Eagle Ford key in Petrohawk Energy's transition to oil

Jan. 24, 2011
The Eagle Ford shale play in South Texas is Petrohawk Energy Corp.'s key asset to transition away from being focused nearly totally on natural gas.

Alan Petzet
Chief Editor-Exploration

The Eagle Ford shale play in South Texas is Petrohawk Energy Corp.'s key asset to transition away from being focused nearly totally on natural gas.

Liquids production grew from 4% of company output at the end of 2009 to 8% at end-2010, and the goals are 14% at end-2011 and more than 20% in 2012, said chairman and chief executive officer Floyd Wilson.

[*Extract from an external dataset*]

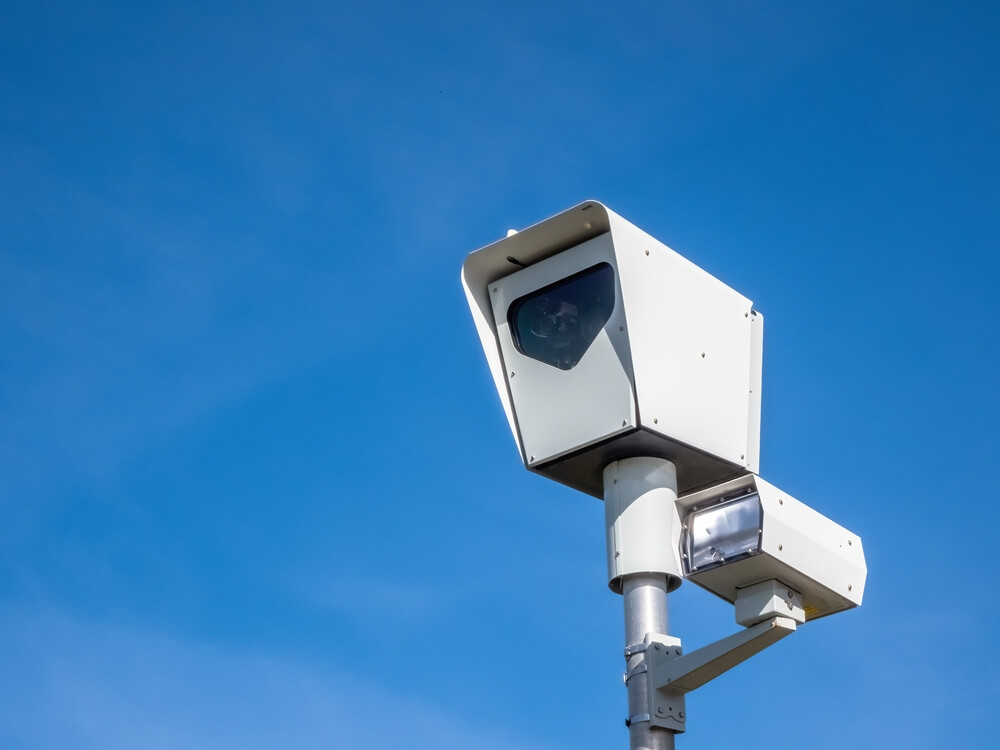 photo of a speed camera against a blue sky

With 30-40 tcf of gas equivalent of probable reserves in three US shale plays and 2.75 tcfe of proved reserves, Petrohawk plans to increase its proved reserves 35%/year, Wilson said. The three plays are the Haynesville shale, Lower Bossier shale, and Eagle Ford.

In the Haynesville, which Wilson called the "best dry gas field in the US and maybe the world," Petrohawk is well along in holding its 368,000 net acres. It will run 16 operated rigs through the first half of 2011, after which it will drop seven of those rigs and divert funds to the Eagle Ford.

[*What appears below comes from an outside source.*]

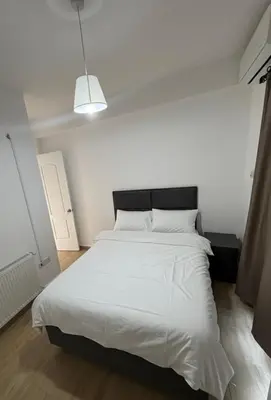 a bedroom with a white bed with a black headboard at Villa Keskin - Girne in Ayios Ioannis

In the overlying Lower Bossier, in which Petrohawk owns 122,000 net acres, it plans no operated drilling this year but will participate in some nonoperated wells.

Petrohawk has gross operated Haynesville production of 750 MMcfe/d. The company's resource potential in the Eagle Ford was 356 million bbl of liquids and 10 tcf of gas as of the end of 2009. It plans to update the figures shortly.

Petrohawk plans to boost its 10 Eagle Ford rigs to 12 in the first half of 2011 and 16 in the second half. It has 125 MMcfe/d of net operated production and had 288 bcfe of proved reserves at the end of 2009.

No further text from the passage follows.